Despite its YouTube orientation, the MS100 still has a few manual features worth considering, although they are rather buried. Settings are configured using JVC’s new Laser Touch Operation, which we first came across in the Everio GZ-MG330. This involves stroking your finger along a strip to move up and down menus. But there is no quick way to get to the manual settings. Once you have switched from auto to manual, you need to go through the full menu to get to manual configuration.
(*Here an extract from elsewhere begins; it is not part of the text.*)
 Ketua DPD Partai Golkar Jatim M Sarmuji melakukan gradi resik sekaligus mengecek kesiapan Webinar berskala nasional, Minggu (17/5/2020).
Manual options include a Brightness control, which varies exposure, but only in steps from -6 to +6, with no direct relation between these values and iris or video gain. You can configure the shutter separately from ½ to 1/4000th of a second. There is also manual focusing, which is a little fiddly to use with the Laser Touch, and even the ability to switch whole screen or spot exposure metering, although this is rather confusingly referred to as ‘Photometry’. After all, why use plain English when an obscure technical term is available instead.
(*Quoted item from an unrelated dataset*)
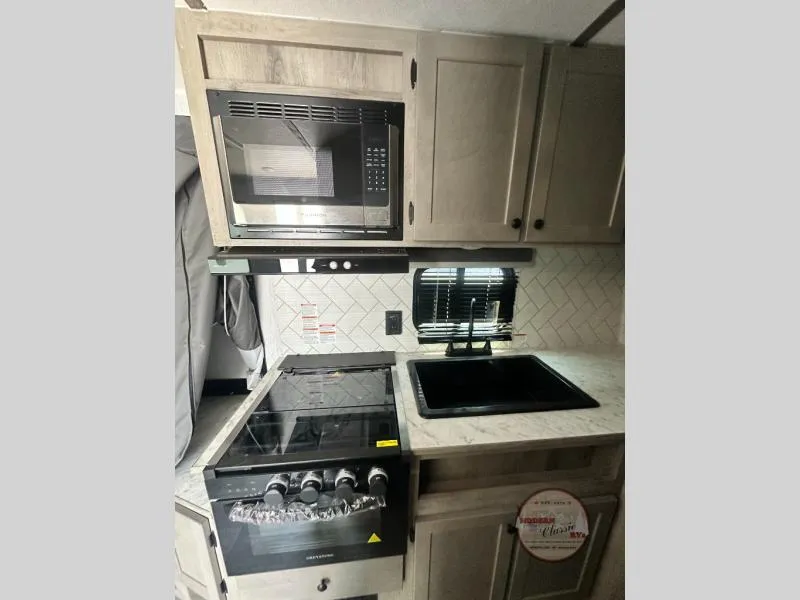 2026 Sunset Park RV Sun Lite 18TX - Photo 2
The Register Event system is available to tag your videos with a label such as Holiday, Sports or Anniversary, to aid future searching. Plus there’s the MS100’s most distinctive feature: the discrete button for Upload mode, which limits recordings to 10 minutes each, automatically splitting longer clips into 10-minute segments as you shoot. When the camcorder is connected to a PC, it also enables the much-vaunted One Touch YouTube upload – but more of this in a bit.
Like the MG330, the MS100 doesn’t have an accessory shoe, microphone minijack or headphone socket. Apart from the USB port hidden under the lens at the front and the DC input, there is only a minijack for A/V, with a cable supplied offering composite video and stereo RCA audio. But it does have a built-in LED video light, which can be set to turn on automatically when low light conditions are detected. This is one feature not present on the MG330, for some reason. We would have preferred a discrete button for this, however, as hunting through the menu to turn it on is a right old rigmarole.
The GZ-MS100 produces a very bright, colourful image in the best lighting. Colour fidelity and detail are still pretty decent in good artificial lighting, too, so long as the auto gain control (AGC) is turned on. Like the MG330, colour is retained to fairly low levels, without a huge amount of grain, and the brightness can be boosted by using the manual shutter settings to drop down to 1/25th. A yellow cast becomes increasingly apparent as the level of light drops, but overall the MS100 is reasonably capable in poor illumination, like the MG330 – no surprise, since the recording medium is the only major difference.